- _ACTIVITY_:
Starting at the line that contains "Photo de galerie - Rénovation sol massif", write out each line exactly through the last one in the material below, and nothing more; omit all pictures.

- _COLLECTED MATERIAL_:
--*--

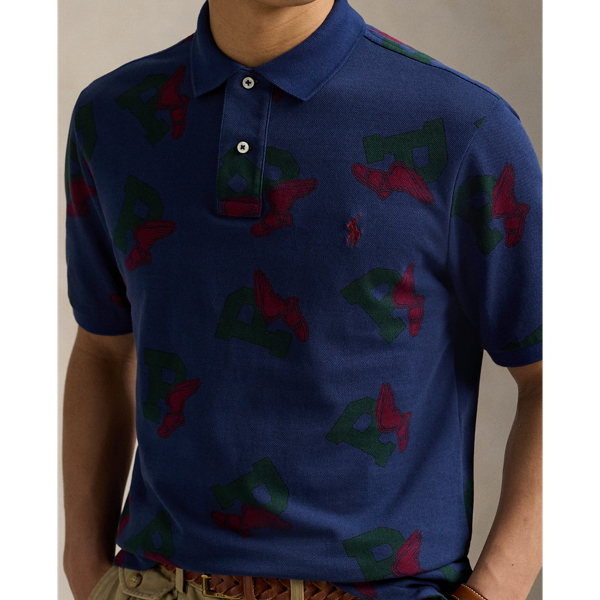 Classic Fit P-Wing Mesh Polo Shirt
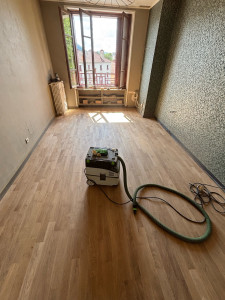 Photo de galerie - Rénovation sol massif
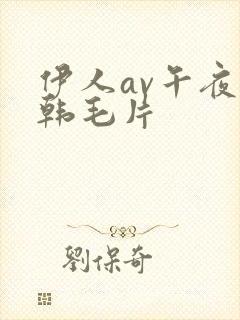 伊人av午夜日韩毛片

--*--

- _FINISHED TASK_:
 Photo de galerie - Rénovation sol massif
 伊人av午夜日韩毛片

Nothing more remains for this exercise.